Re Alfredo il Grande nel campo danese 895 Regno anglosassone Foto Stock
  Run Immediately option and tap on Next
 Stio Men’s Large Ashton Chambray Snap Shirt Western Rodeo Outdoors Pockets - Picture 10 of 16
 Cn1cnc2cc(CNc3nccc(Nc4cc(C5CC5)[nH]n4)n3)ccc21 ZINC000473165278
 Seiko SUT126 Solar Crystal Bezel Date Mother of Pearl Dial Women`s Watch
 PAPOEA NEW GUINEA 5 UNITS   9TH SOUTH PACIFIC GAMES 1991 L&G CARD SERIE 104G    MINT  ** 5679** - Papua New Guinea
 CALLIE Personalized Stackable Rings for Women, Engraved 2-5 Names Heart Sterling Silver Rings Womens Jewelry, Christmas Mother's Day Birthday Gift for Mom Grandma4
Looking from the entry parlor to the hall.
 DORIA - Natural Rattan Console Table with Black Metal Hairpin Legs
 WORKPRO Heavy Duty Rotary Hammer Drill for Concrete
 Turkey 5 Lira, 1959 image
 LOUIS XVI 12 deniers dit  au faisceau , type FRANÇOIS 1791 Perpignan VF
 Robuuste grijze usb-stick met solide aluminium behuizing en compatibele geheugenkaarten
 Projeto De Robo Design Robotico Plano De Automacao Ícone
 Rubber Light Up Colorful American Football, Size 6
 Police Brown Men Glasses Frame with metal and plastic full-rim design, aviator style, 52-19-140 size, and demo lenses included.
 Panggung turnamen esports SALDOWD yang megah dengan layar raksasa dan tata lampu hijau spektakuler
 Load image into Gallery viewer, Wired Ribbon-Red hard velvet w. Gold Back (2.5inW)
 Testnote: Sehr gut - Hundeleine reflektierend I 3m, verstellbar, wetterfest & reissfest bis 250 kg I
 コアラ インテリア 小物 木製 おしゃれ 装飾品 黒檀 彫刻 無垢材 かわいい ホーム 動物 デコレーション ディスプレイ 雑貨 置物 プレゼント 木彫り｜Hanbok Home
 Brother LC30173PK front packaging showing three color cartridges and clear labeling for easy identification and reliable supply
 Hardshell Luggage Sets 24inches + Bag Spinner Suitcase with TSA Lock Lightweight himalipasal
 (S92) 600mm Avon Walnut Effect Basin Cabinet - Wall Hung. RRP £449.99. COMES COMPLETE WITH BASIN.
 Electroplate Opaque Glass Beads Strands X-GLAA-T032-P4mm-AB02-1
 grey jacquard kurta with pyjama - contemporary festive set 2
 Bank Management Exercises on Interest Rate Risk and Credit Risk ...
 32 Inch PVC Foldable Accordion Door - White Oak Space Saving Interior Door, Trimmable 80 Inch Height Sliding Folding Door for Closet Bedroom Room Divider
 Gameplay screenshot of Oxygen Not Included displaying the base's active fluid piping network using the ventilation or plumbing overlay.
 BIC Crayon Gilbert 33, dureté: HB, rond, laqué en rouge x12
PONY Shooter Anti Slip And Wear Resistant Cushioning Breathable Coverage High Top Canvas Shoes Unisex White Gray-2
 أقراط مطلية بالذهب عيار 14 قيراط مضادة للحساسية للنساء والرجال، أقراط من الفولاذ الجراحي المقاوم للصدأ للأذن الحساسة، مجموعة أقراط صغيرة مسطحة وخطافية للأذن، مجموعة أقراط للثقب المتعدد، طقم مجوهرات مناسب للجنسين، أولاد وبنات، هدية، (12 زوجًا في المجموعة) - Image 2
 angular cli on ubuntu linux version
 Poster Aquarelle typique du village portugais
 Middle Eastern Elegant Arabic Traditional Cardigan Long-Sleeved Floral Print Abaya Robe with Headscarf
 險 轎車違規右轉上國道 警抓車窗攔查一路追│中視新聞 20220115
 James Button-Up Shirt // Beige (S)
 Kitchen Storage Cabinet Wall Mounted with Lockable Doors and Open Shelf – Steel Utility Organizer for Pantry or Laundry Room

--------

- _Activity_:
Among the entries above, the line containing "Bank Management Exercises", the line containing "PONY Shooter Anti", and all lines between them are to be restated word for word; nothing else belongs in the reply.

- _Answer for the task_:
 Bank Management Exercises on Interest Rate Risk and Credit Risk ...
 32 Inch PVC Foldable Accordion Door - White Oak Space Saving Interior Door, Trimmable 80 Inch Height Sliding Folding Door for Closet Bedroom Room Divider
 Gameplay screenshot of Oxygen Not Included displaying the base's active fluid piping network using the ventilation or plumbing overlay.
 BIC Crayon Gilbert 33, dureté: HB, rond, laqué en rouge x12
PONY Shooter Anti Slip And Wear Resistant Cushioning Breathable Coverage High Top Canvas Shoes Unisex White Gray-2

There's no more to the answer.